DATASET EXTRACT:
===

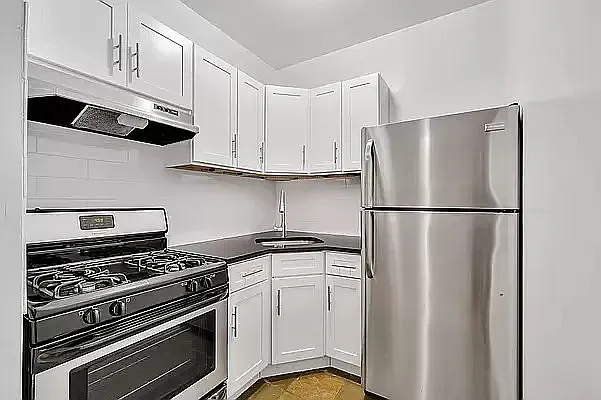 Rented by Green Leaf Management, LLC | media 7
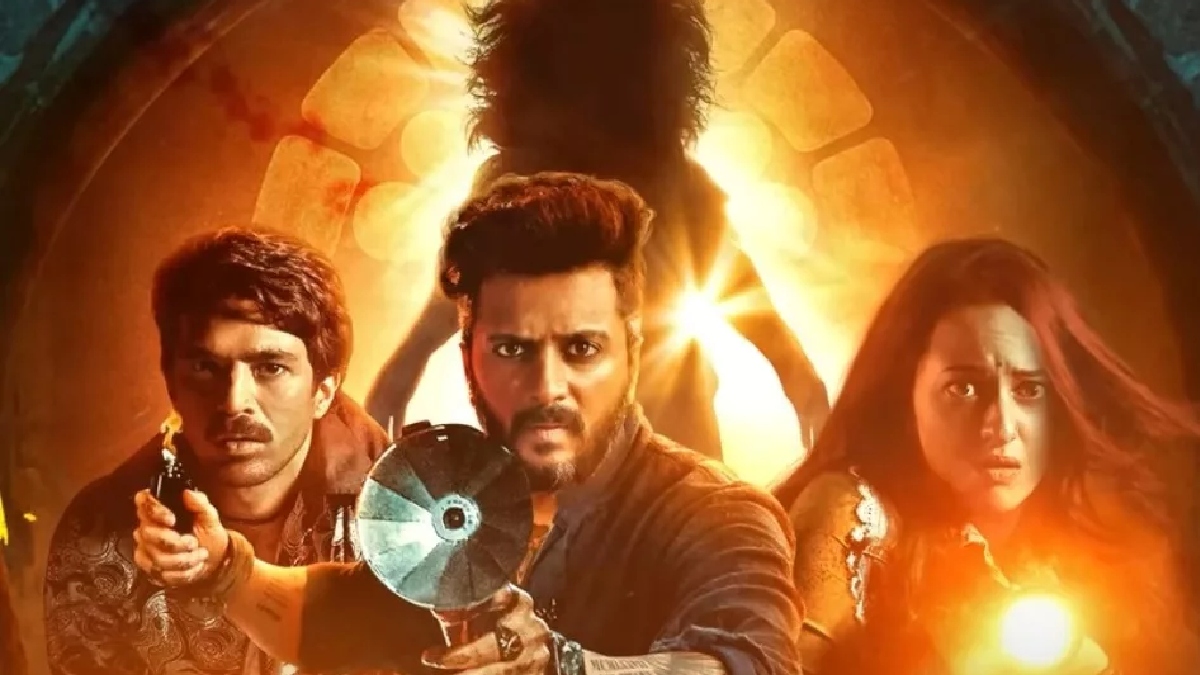 डर और हंसी का मिश्रण! काकुड़ा देखने से पहले इन हॉरर कॉमेडी फिल्मों का मजा लें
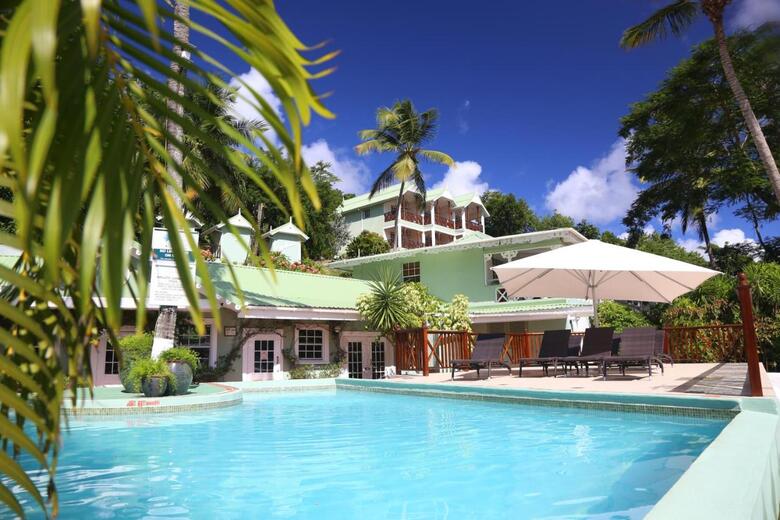 Hotel Marigot Beach Club & Dive Resort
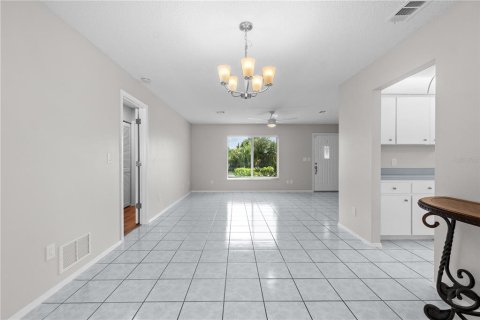 House in Englewood, Florida 2 bedrooms, 123.84 sq.m. № 2403600 - photo 10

===

Set down, word for word, the full listing above, and carry over no pictures.

 Rented by Green Leaf Management, LLC | media 7
 डर और हंसी का मिश्रण! काकुड़ा देखने से पहले इन हॉरर कॉमेडी फिल्मों का मजा लें
 Hotel Marigot Beach Club & Dive Resort
 House in Englewood, Florida 2 bedrooms, 123.84 sq.m. № 2403600 - photo 10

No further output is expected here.